PROBLEM DESCRIPTION:
Once you have read the records below, print them again exactly as they stand.

◇ ◇ ◇ ◇ ◇

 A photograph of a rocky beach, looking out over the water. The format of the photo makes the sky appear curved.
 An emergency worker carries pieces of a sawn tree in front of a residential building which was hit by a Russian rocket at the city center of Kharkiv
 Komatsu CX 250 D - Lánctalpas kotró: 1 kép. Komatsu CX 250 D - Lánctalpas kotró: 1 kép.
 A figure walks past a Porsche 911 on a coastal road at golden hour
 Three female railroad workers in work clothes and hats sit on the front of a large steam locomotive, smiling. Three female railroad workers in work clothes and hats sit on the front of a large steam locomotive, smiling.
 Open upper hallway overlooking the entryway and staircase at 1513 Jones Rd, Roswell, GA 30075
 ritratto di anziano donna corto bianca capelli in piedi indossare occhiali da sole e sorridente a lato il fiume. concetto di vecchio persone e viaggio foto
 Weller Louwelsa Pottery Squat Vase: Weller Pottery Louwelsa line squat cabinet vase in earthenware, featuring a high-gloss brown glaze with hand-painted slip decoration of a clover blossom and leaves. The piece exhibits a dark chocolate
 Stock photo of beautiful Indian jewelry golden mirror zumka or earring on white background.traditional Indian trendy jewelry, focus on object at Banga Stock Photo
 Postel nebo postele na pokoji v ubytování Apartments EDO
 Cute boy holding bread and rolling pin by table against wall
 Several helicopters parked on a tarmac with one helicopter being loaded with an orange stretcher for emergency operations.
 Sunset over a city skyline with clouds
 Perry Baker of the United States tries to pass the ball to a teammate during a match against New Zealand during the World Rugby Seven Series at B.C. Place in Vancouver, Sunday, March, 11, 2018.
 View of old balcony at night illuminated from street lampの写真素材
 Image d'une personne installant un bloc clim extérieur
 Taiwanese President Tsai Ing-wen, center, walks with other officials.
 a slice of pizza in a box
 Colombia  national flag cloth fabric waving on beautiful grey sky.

◇ ◇ ◇ ◇ ◇

ANSWER TO THE PROBLEM:
 A photograph of a rocky beach, looking out over the water. The format of the photo makes the sky appear curved.
 An emergency worker carries pieces of a sawn tree in front of a residential building which was hit by a Russian rocket at the city center of Kharkiv
 Komatsu CX 250 D - Lánctalpas kotró: 1 kép. Komatsu CX 250 D - Lánctalpas kotró: 1 kép.
 A figure walks past a Porsche 911 on a coastal road at golden hour
 Three female railroad workers in work clothes and hats sit on the front of a large steam locomotive, smiling. Three female railroad workers in work clothes and hats sit on the front of a large steam locomotive, smiling.
 Open upper hallway overlooking the entryway and staircase at 1513 Jones Rd, Roswell, GA 30075
 ritratto di anziano donna corto bianca capelli in piedi indossare occhiali da sole e sorridente a lato il fiume. concetto di vecchio persone e viaggio foto
 Weller Louwelsa Pottery Squat Vase: Weller Pottery Louwelsa line squat cabinet vase in earthenware, featuring a high-gloss brown glaze with hand-painted slip decoration of a clover blossom and leaves. The piece exhibits a dark chocolate
 Stock photo of beautiful Indian jewelry golden mirror zumka or earring on white background.traditional Indian trendy jewelry, focus on object at Banga Stock Photo
 Postel nebo postele na pokoji v ubytování Apartments EDO
 Cute boy holding bread and rolling pin by table against wall
 Several helicopters parked on a tarmac with one helicopter being loaded with an orange stretcher for emergency operations.
 Sunset over a city skyline with clouds
 Perry Baker of the United States tries to pass the ball to a teammate during a match against New Zealand during the World Rugby Seven Series at B.C. Place in Vancouver, Sunday, March, 11, 2018.
 View of old balcony at night illuminated from street lampの写真素材
 Image d'une personne installant un bloc clim extérieur
 Taiwanese President Tsai Ing-wen, center, walks with other officials.
 a slice of pizza in a box
 Colombia  national flag cloth fabric waving on beautiful grey sky.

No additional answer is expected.